I've been studying the paper "Prevalence: a translation-invariant "almost every" on infinite-dimensional spaces" by Hunt, Sauer & Yorke, and I'm trying prove that the support of the convolution of measures (that can be assumed to be finite or probability measures) is contained in the sum of their support (footnote on page 223) without luck so far. The best my research has come up was a similar question made here: Support of the convolution of two measures, but no hint on how to prove it was given.
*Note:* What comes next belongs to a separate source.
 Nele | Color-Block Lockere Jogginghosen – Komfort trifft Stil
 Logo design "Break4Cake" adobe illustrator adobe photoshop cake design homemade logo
For the problem, let $V$ a complete metrizable TVS (not necessarily separable), consider $\mu$ and $\nu$ probability Borel measures n $V.$ The convolution of $\mu$ and $\nu$ is $$\mu * \nu(S) = \int_{V} \nu(S - x) \, d\mu(x) = \int_{V} \mu(S - y) \, d\nu(y),$$ for $S \subseteq V$ a Borel set. I want to show $supp \ \mu * \nu \subseteq supp \ \mu + supp \ \nu.$
The only thing I can think of to a approach this problem is to somehow imitate the proof for the analogous statement on the support of convolution of functions (e.g. What will be the support of the convolution of two test functions.), but it hardly seems to work without some extra assumptions on our measures. To start, the wikipedia on support of measures (also the definition of support I'm using) claims for example that $$\int_X f \, d\mu = \int_{supp\ \mu} f \, d\mu$$
if $\mu$ is a Radon measure, and the paper is not assuming inner regularity.
Any hints on how to solve this is very appreciate, thanks.